2. Transformable Leadership 

Under transformable leadership, the leader pays attention towards the developmental needs of individual subordinates. The transformational leadership excites, arouses and inspires the subordinates to put an additional effort to achieve the goals of the organization. It is build on top of the transactional leadership. It means that this leadership develops people for achieving the organizational goals. The subordinates are made high performers and developed employees. Subordinates are motivated to transcend their self interest for the betterment of organization. It leads to higher productivity and higher employee satisfaction. Transformational leadership has four important features: 

  • Individualized consideration
  • Intellectual simulation
  • Inspiration 
  • Charisma 

3. Transactional Leadership 

This theory emphasizes on effort and performance. Under the transactional leadership, the leader directs his subordinates toward the achievement of goals. The leader clarifies the roles to be played by the subordinates while performing their respective tasks. The leader guides and motivated his followers to achieve the organizational goals. 

Leaders under this theory have following features: 

a) Passive Management by Exception: They intervene only if standards are not meet. 

b) Contingent Reward: They provide various kinds of rewards in exchange for usually agreed-upon goal accomplishment. 

c) Laissez-faire: They abdicate responsibilities and avoid decisions. 

d) Active Management by Exception: Leaders keep watching for deviations from rules and standards and taking corrective action. 

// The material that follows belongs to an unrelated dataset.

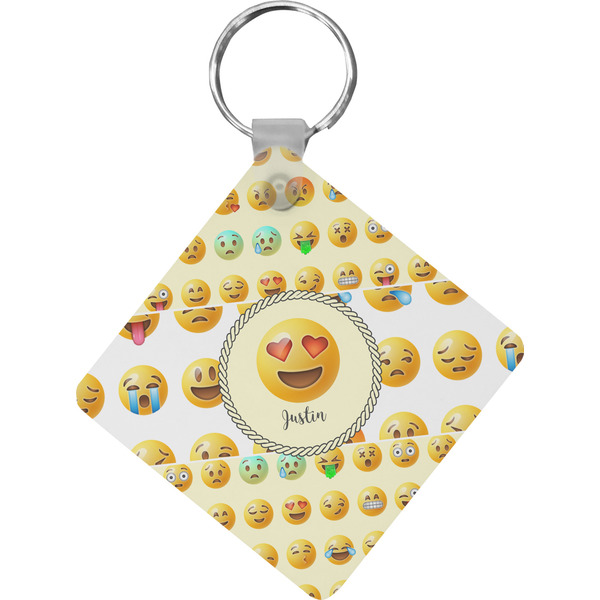 Custom Emojis Diamond Plastic Keychain w/ Name or Text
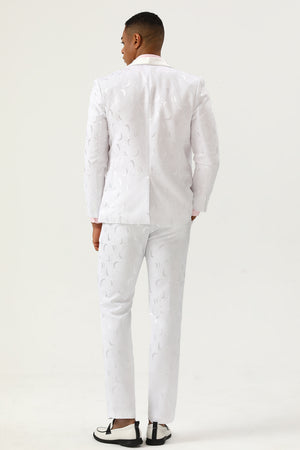 White 2-Piece Shawl Lapel Jacquard Men's Suit Tuxedo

4. Leader Member Exchange (LMX) Theory 

This theory indicates that a leader establishes a special relationship with his subordinates. Under this theory, some of the subordinates get special privileges while others are paid less attention and may considered as out of group members. The leader categorizes some members of the group as inner members and other members as outer members. This 'in' and 'out' group are relative ordinates and have formal authority interaction. These 'in' and 'out' groups are relatively stable during the course of organization behavior and leaders seek to higher employee satisfaction. The leader member exchange theory motivates the employees personally. The leader takes personal care of the employees. The members who are not highly regarded by the leader feel dissatisfied. They try to know the likings and disliking of the leader and behave accordingly. This theory motivates only a few members of the group while other members are frustrated and many create some problems to the leader. 

5. Attribution Theory 

The attribution theory implicitly explains that a leader should have an effective influence on the followers. Employees perceive good leaders as those who are high structure and have high relations (people-oriented). People perceive such leaders best in all situations. In an adverse situation, they do not blame the leader because they have perceived him as the best leader because of this high orientation, i.e., high structured and high initiated. If such leaders fail, employees attribute the failure to the situation and adverse conditions. 

In other words, the attribution theory of leadership is related to perception i.e. how people view the leader. People establish and develop perception with cause and effect. How a leader behaves has a long lasting impact on the followers. The vent happening is attributed to some causes. The attribution or assigning of a cause to an event gives birth to the attribution theory. The followers attribute many happenings to leadership. If a country faces an acute inflation, it is attributed to the ruling party. It is known here that this attribution may be real or unreal. Just the attribution of inflation to a government is not always correct because there may be other causes of inflation. Similarly, attribution theory makes the low oriented leaders always responsible although he is not responsible for failure, because of adverse conditions.